Lightlyseared's avatar

Multiple adapters sounds safer.

Realistically how many devices are you going to need to use simultaneously? It may be that you don’t actually need an adapter for each device you are going to bring.

Skyrail's avatar

Multiple adapters would most likey be safer plus if you want to move an appliance/whatever to a different place away from the adapter then you can, more freedom that way, you can also buy a power strip over here in which you plug the adapters into if needs be.

sanbuu's avatar

I found myself in the same bubble, coming back to the US from Japan. Stick to multiple ones, and do consider that u r not going to be using every single item all at once.

Shep's avatar

Bear in mind the fact that it’s not just a case of us having funny-shaped sockets here in the UK… our mains power system runs at twice the voltage of the US system (220–240v in the UK, 100–120v in the US ). Some devices – particularly recent ones with an external power brick – have been made to cope with either of these voltage ranges… but many can’t. Be very careful about plugging anything into the UK mains until you’ve ensured it’ll run at 220v (power strips included!) – or the internals might, quite literally, go up in smoke…

mac316's avatar

@Shep says, both the voltage and wattage of the appliances may dictate the use of any device to be plugged into the 220V. system.
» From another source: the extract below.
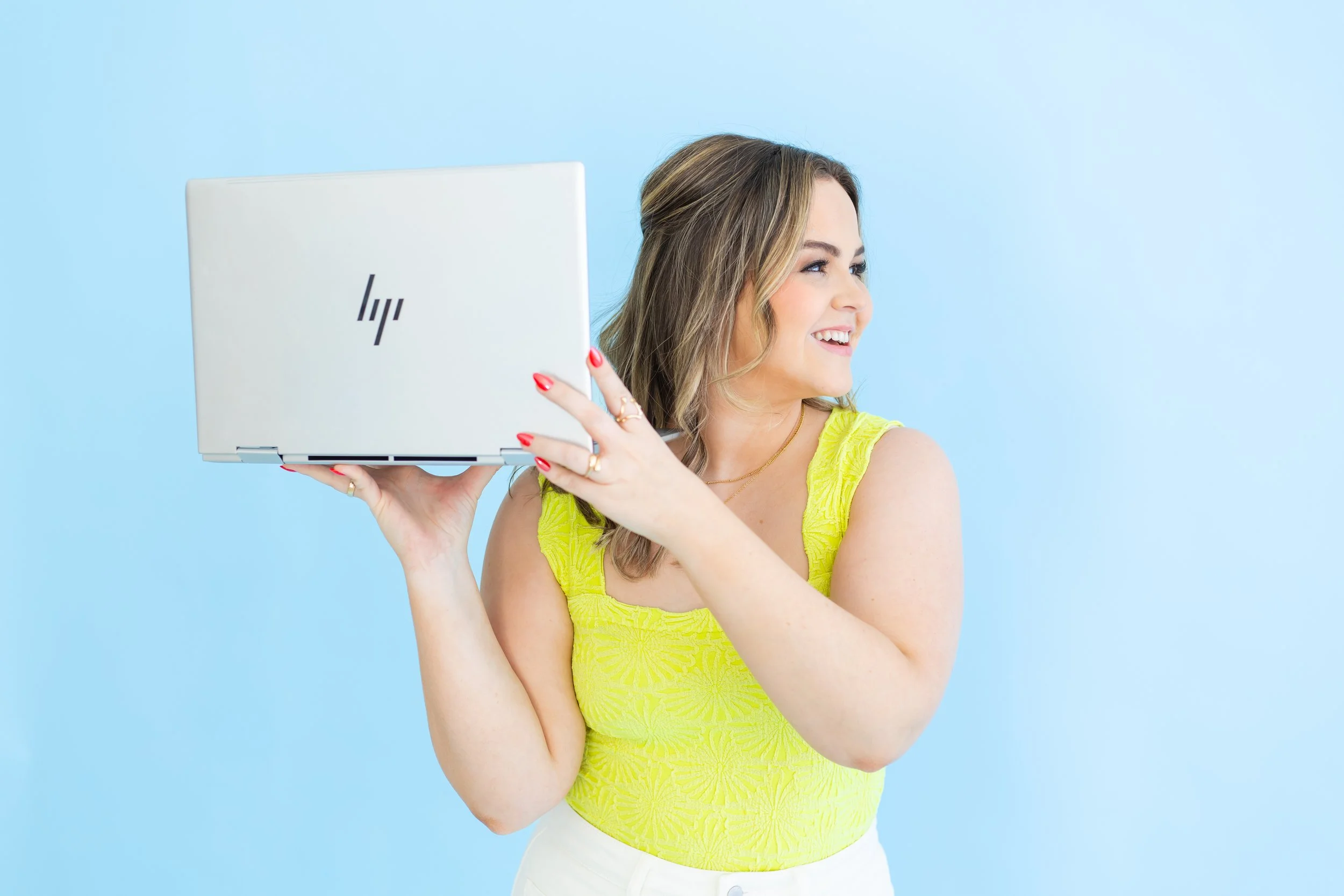 A woman with long wavy hair, wearing a bright yellow sleeveless top and white pants, smiling and looking to the side while holding a white HP laptop in front of her against a light blue background.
Check the wattage carefully. The higher wattage appliances require an adapter which will surprise you with it’s size.

lrk's avatar

@Shep, @mac316: If the device says on it that it accepts 100–240V, that should mean it’s good for just a plug adapter and not a voltage converter, right?

pathfinder's avatar

You can by transfer sockets in store.

Shep's avatar

@Irk – That’s right… a device labelled 100–240V has been built to operate globally, and should just need a socket adapter; no need for a voltage converter on those.